I created the Riveter models out of all stories under 10.000 characters in the HadPer subset, because of length limitations related to coreference resolution.

## Loading models and data

In [2]:
with open("YOUR_RIVETER_OBJECT.pkl", 'rb') as f: # insert the name of your pickled Riveter object here.
    riveter = pickle.load(f)

In [4]:
# also load your csv of work-ids

df = pd.read_csv('YOUR_FILE_NAME_HERE.csv')

In [None]:
# quick sanity check
df.head()

# What are the power scores?

In [None]:
# Create a function to get the score for the desired entities
# Hades is used as an example here, assuming Riveter's power lexicon has been applied

def get_character_score(identifier):
    scores = riveter.get_scores_for_doc(identifier)  # get the word-score dictionary
    return scores.get('hades', None)  # get the score for 'hades', or None if not found

# Apply the function to each identifier and create a new column for the scores
df['hades_power'] = df['work_id'].apply(get_character_score).astype(float)

In [None]:
# You can get some descriptive statistics of the scores

df['hades_power'].dropna().describe()

# Get Power Differential

In [9]:
# If you have used the code above to extract power-scores for two entities you can calculate the difference scores
# hades and persephone are used as an example here
# Ensure the 'hades' and 'persephone' columns are of float type

df['hades_power'] = df['hades_power'].astype(float).dropna()
df['persephone_power'] = df['persephone_power'].astype(float).dropna()

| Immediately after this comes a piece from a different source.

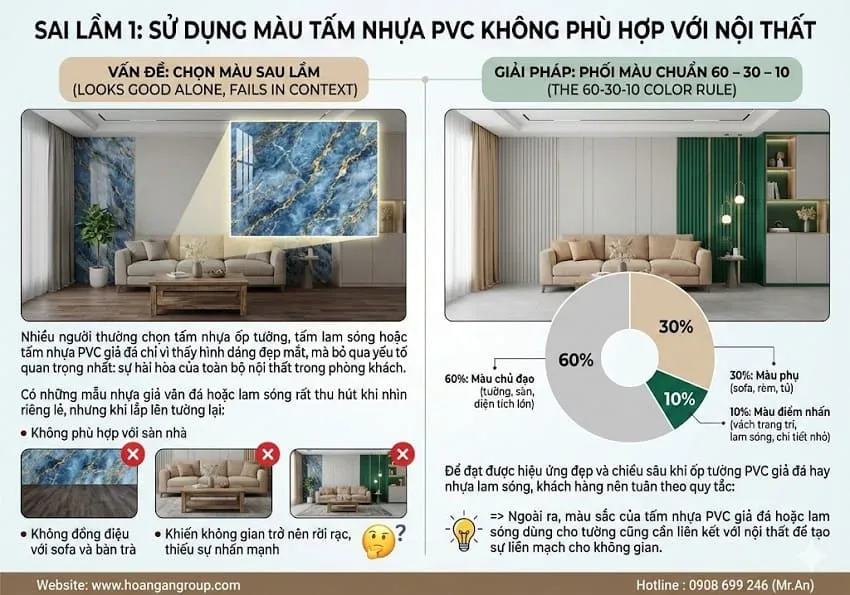 Sai Lầm 1: Sử Dụng Màu Tấm Nhựa PVC Không Phù Hợp Với Nội Thất Sai Lầm 1: Sử Dụng Màu Tấm Nhựa PVC Không Phù Hợp Với Nội Thất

# Now calculate the power difference and store it in the new column
df['power_diff'] = df['hades_power'] - df['persephone_power']

This way a *negative* power difference indicates that Persephone was the higher-powered entity

In [12]:
df['power_diff'].describe()

## You can now save these scores to a csv

In [None]:
df.to_csv('scores.csv', index=False)

# In the notebooks that follow, my own csv of scores is titled 'CCLS2025.csv'